Issue d‘une famille d‘horticulteurs et de marins, ma recherche est centrée autour des questions du vivant, de la structure clanique, du lien et de l‘appel de l‘aventure. Mon approche relève de la fable documentaire ou encore du "réalisme magique". J‘explore des lieux interlopes, inaccessibles, où le danger et le mystère planent : l‘ancienne pépinière abandonnée de son père, un volcan endormi, les vagues d‘un barrage, la géologie d‘une terre bouleversée par les conflits et les tremblements de terre en Arménie, un jardin-laboratoire au pied d‘un glacier sur le tracé de l‘épopée d‘Hannibal dans les Alpes.

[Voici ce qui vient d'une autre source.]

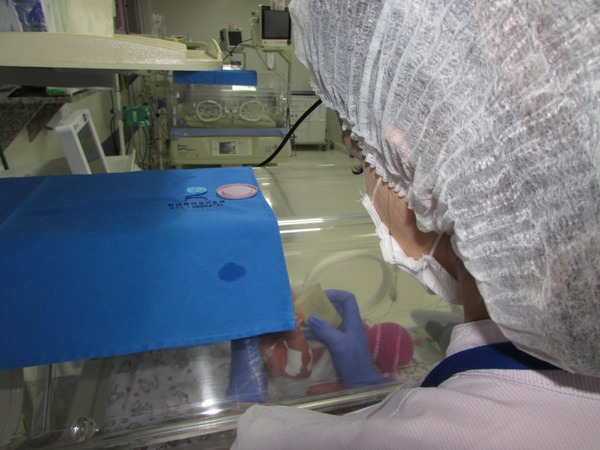 O estoque caiu nas últimas semanas e só dá para alimentar os bebês prematuros internados na UTI Neonatal por mais um dia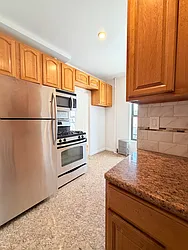 650 Manhattan Avenue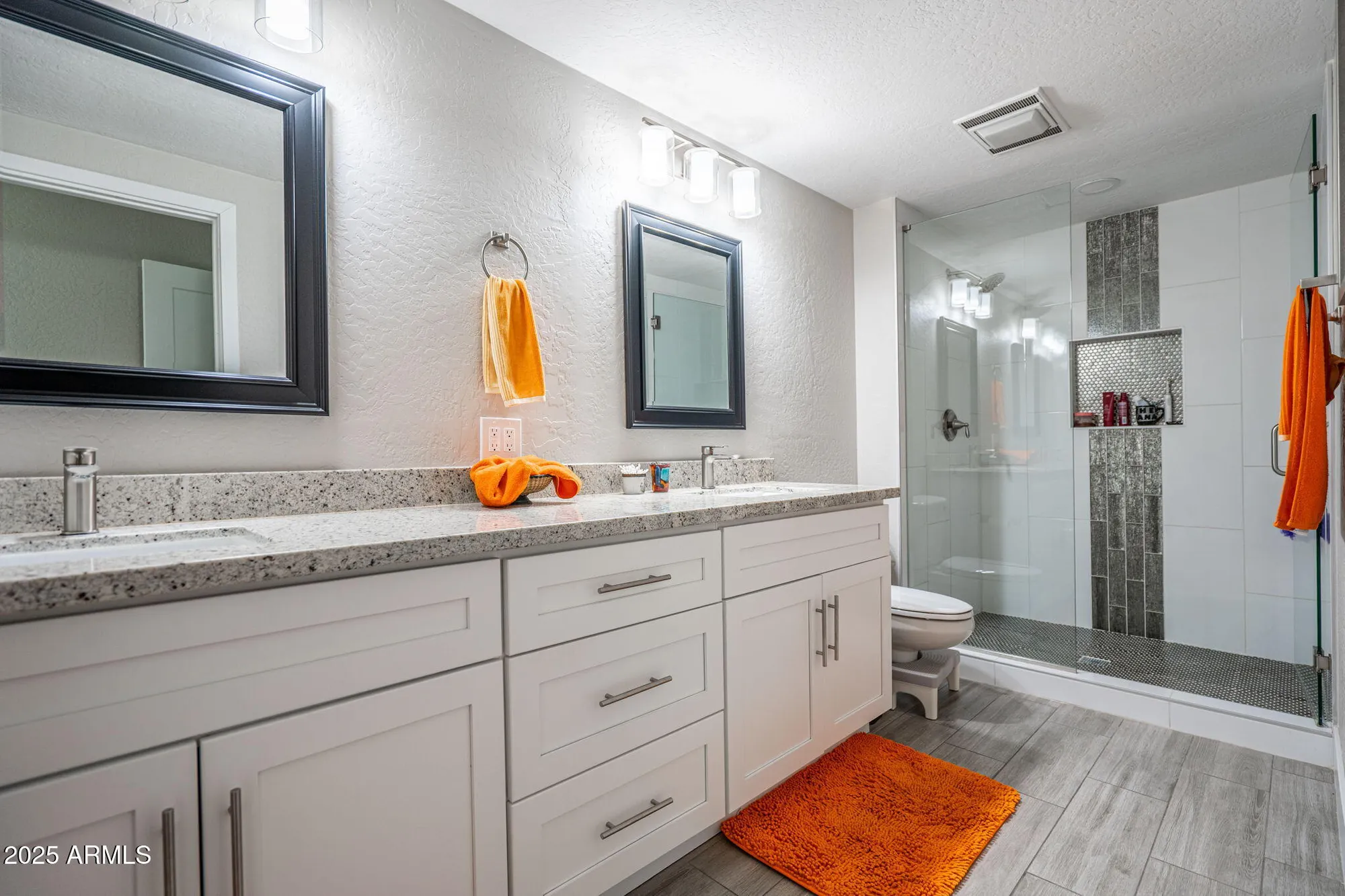 Property Slideshow image 18 of 41 | 17012 n 97th dr, Sun City, AZ, 85373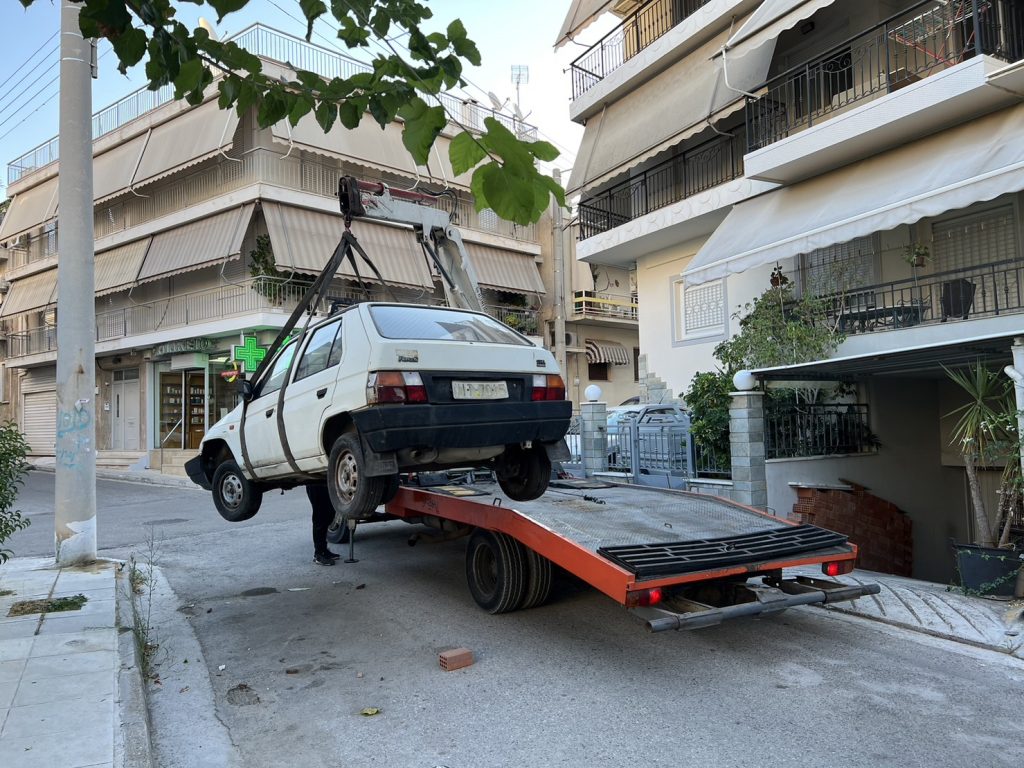 Αθήνα: Πάνω από 3.000 εγκαταλελειμμένα οχήματα απομακρύνθηκαν σε τρία χρόνια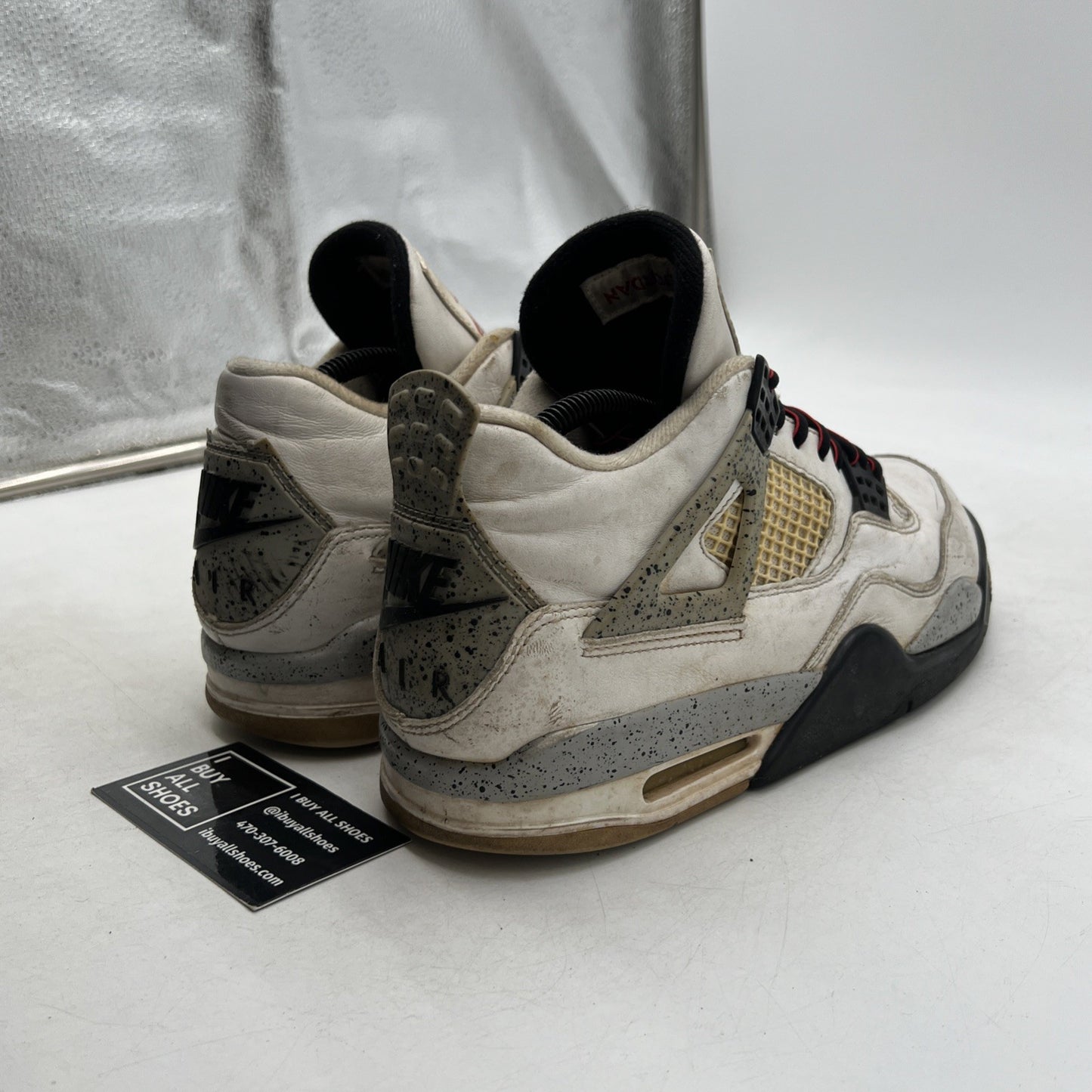 Size 8 - Air Jordan 4 Retro OG Mid White Cement (840606-192)
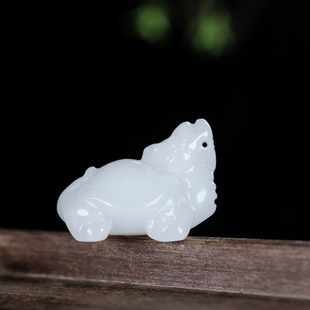 新疆和田玉羊脂白玉龙龟手把件原石手玩件小摆件苏工老坑料乌龟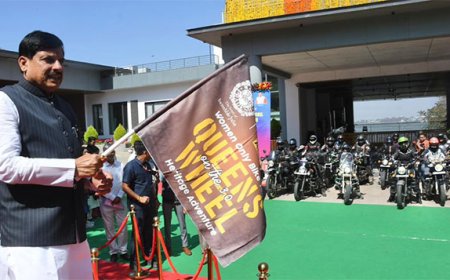 सीएम डॉ. यादव ने दिखाई हरी झंडी, बोले - स्वच्छ-सुरक्षित टूरिज्म को प्रोत्साहित करेगी 'क्वींस ऑन द व्हील्स'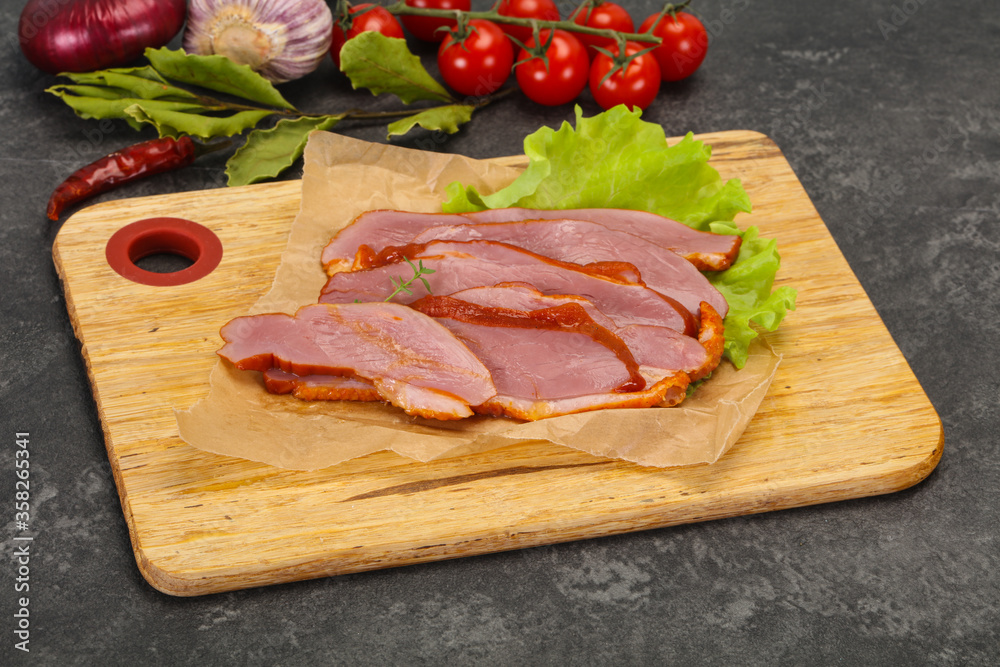 Sliced smoked duck breast served salad Sliced smoked duck breast served salad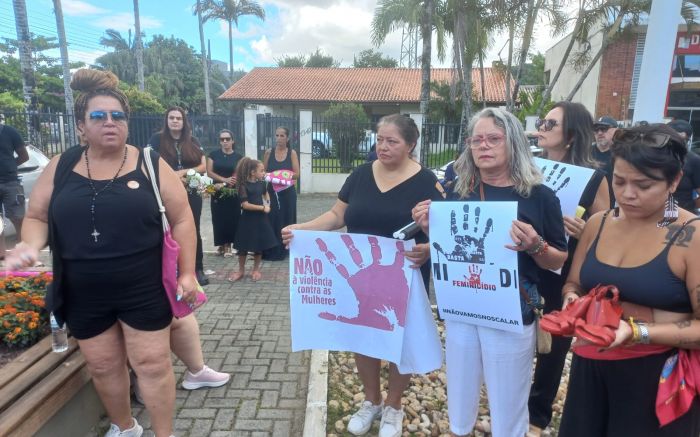 Morte de Daiana gerou protesto por mais segurança às mulheres em Piçarras e Penha (Fotos: Divulgação/Arquivo)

Les personnages marginaux et l‘univers irrationnel me fascinent, depuis plusieurs années, j‘ai photographié des communautés masculines tels des élagueurs et jardiniers ; ou encore deux frères, sortes d‘enfants-loups, vivant en autarcie au-dessus d‘un relief inversé en Ardèche ; l‘itinéraire de mon arrière-grand-père Capitaine de vaisseau par le prisme des superstitions de marins ; des contrebandiers et autres déserteurs à la frontière italienne et espagnole ; un groupe d‘hommes détenus qui échafaudent ensemble un langage codé.
La question du récit et de la métamorphose sous-tend l‘ensemble de mon travail, il s‘agit souvent de l‘invention d‘un destin individuel clivé au sein des rituels d‘un groupe. Mon approche plastique est sensorielle, immersive, parfois hallucinée. J‘utilise souvent la lumière de l‘éclipse, les symboles, les monochromes proches de la couleur des rêves, de la sidération, qui nous transportent vers un renversement des valeurs de ce monde.